This was completely different from what we had seen previously. And it makes future work difficult because it’s hard to disentangle what is blocked and what is obscure.
Angwin: What did you learn about the nature of the blocklist while researching it?
Yin: We noticed that there’s a hierarchy, where certain terms get blocked but a slight variant won’t be blocked. One of the examples that we cite is “White nationalist” still is blocked, but not “White nationalists” or “White nationalism.”
We also noticed that certain terms are blocked by association. So any phrase mentioning “Muslim” is blocked. So innocuous things like “Muslim fashion” or “Muslim parenting” are blocked, even though they’re commercially viable. The same was not true for other religion pairs like “Christian fashion” or “Jewish fashion.”

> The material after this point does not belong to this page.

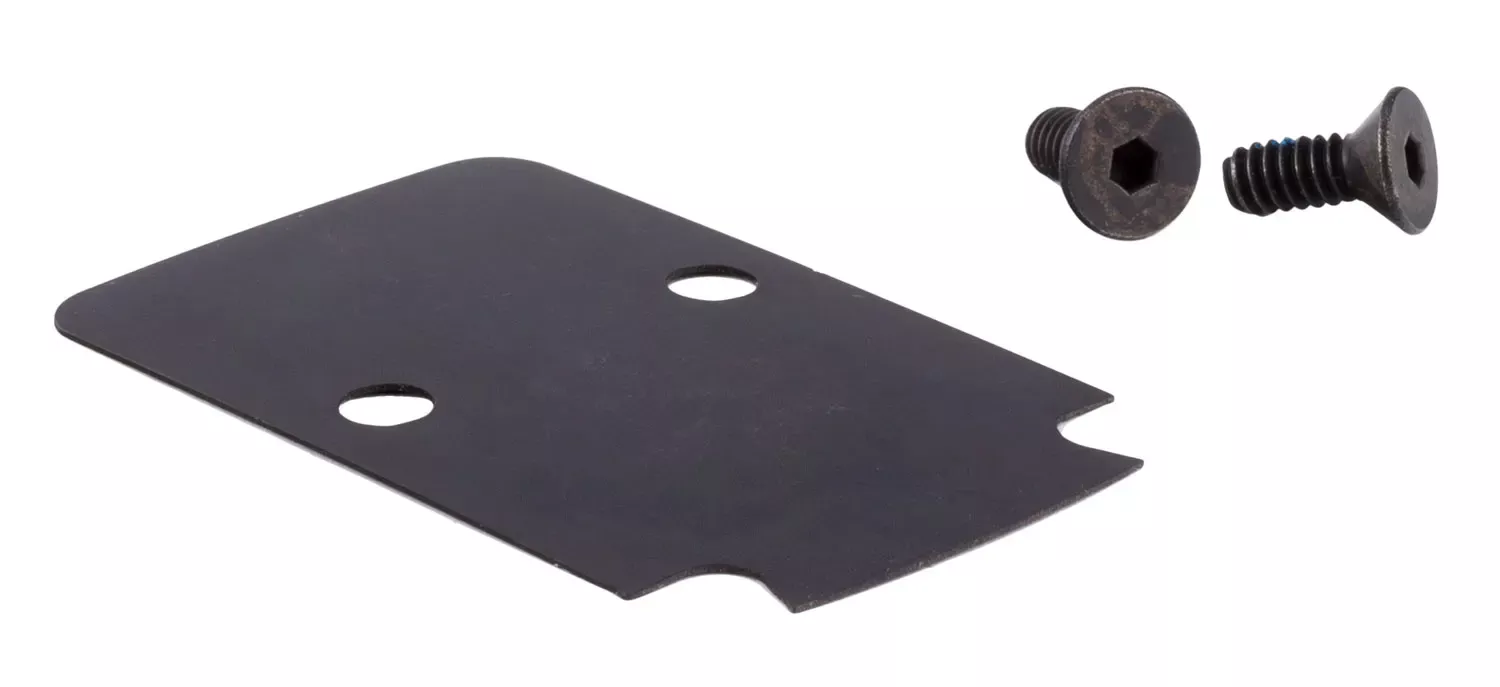 Trijicon RMR Mounting Kit for Glock MOS Models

We also noticed the strictest kind of block was a substring block. For example, “sex” will be blocked automatically, even if it’s part of a longer word. For instance, both “sex work” and “sexwork” were blocked.

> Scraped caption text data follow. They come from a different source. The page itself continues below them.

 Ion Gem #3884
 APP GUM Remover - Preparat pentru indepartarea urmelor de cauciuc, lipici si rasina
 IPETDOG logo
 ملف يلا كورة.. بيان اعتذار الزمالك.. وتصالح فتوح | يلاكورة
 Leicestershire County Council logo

This makes us think that Google is probably using regex
, or regular expressions, which are used for text matching. But it’s a very poor way to do matching because you have to think of the expressions in advance. So what we found is that they have a very primitive technology that’s very manually updated, and there’s probably a more sophisticated way of doing it.
And then there’s another question of, well, why do it at all? This is the most downstream form of content moderation, in my opinion, because it’s assuming that the content already exists, and it’s just adding a blindfold for advertisers.
It’s like instead of cleaning your yard, you’re just telling your guests to walk through the back entrance. It’s not like you’re actually cleaning your yard. It’s still dirty and hazardous, but your guests are now going through the back.
Angwin: You’ve studied YouTube and hate on platforms for a long time. What was most surprising to you?
Yin: There were two things that were surprising. The first was that there are a ton of re-uploaded deleted videos on YouTube. A lot of personalities that are de-platformed for hate speech pop up again when fans upload their videos.
It’s interesting because I know for a fact that YouTube uses fingerprinting technology for copyright violations, so they can automatically take down content for copyright owners, but they don’t apply the same technology to hate-based content.
The second surprising thing was their reaction to the social justice keywords that we found they were blocking, such as Black Lives Matter. Instead of removing words from their blocklist, they instead doubled down and blocked even more terms, like “Black excellence,” and continued to block anything paired with “Muslim.”
Last year, YouTube CEO Susan Wojicki said
, “We believe Black lives matter and we all need to do more to dismantle systemic racism.” But it seems they are not really dismantling anything.